Dhirubhai could not wield the same power over the big metropolitan newspapers. But he could and did cultivate their journalists and editors. The Indian press tends to be like most of the other key institutions in the country: free, but in many parts corrupt except at the very top. Bombay’s lowly paid financial journalists were used to receiving gifts from businessmen wanting publicity, and their proprietors are happy to have their salary bill subsidised in this way. Press conferences were followed by buffet meals and drinks and envelopes containing cash or gift vouchers handed around by public relations officers on the way out. The envelope system flourished most intensely during bull runs on the stock exchange when new company floats and issues have come thick and fast, and even a paragraph in a big English-language newspaper means recognition for a new company promoter. In Paris, waiters are known to pay the proprietors of certain fashionable restaurants for the privilege of being able to wait at the tables and collect tips. In Bombay some would-be business correspondents are willing to eschew salary altogether or even offer a monthly fee to the newspaper in return for being accredited as its reporter.
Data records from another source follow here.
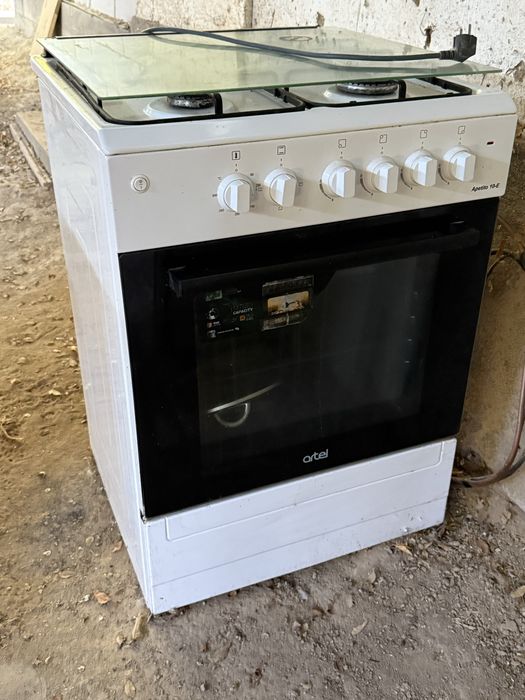 Продам газовую плиту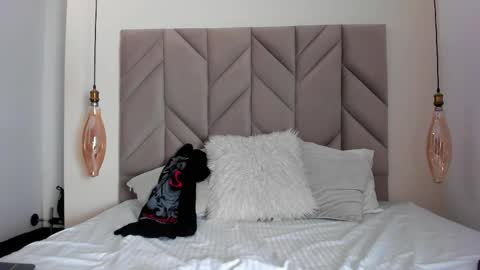 Matthew online show from March 2026 09:45:01 PM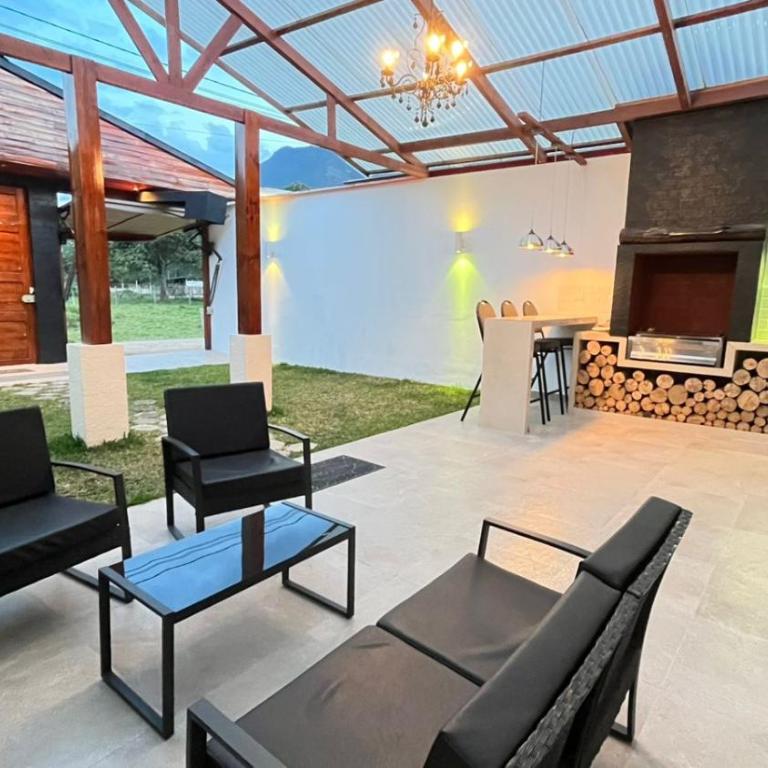 C4s4 RANCH OXAPAMPA - Two-Bedroom House - 1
Reliance was a pioneer of envelope journalism. A senior commercial journalist in Bombay recalled that journalists would get vouchers worth up to Rs 2000 for goods at a Vimal shop called Laffans. Some in senior positions would get regular monthly payments, or issues of Reliance shares and debentures at par. ‘Ambani’s moles in the press were known as the “Dirty Dozen”,’ the journalist said. ‘The point man was Rasikbhai Meswani. He was a thorough gentleman. His door was open twenty-four hours a day for journalists. People would go to collect on first of the month.’
Dhirubhai also realised that the reporter was not the final arbiter of what was published. He also cultivated desk editors and even editors. One who accepted Reliance debentures for himself, and help in arranging bank finance to pay for them, was Girilal Jain, editor of the Times of India for much of the 1980s.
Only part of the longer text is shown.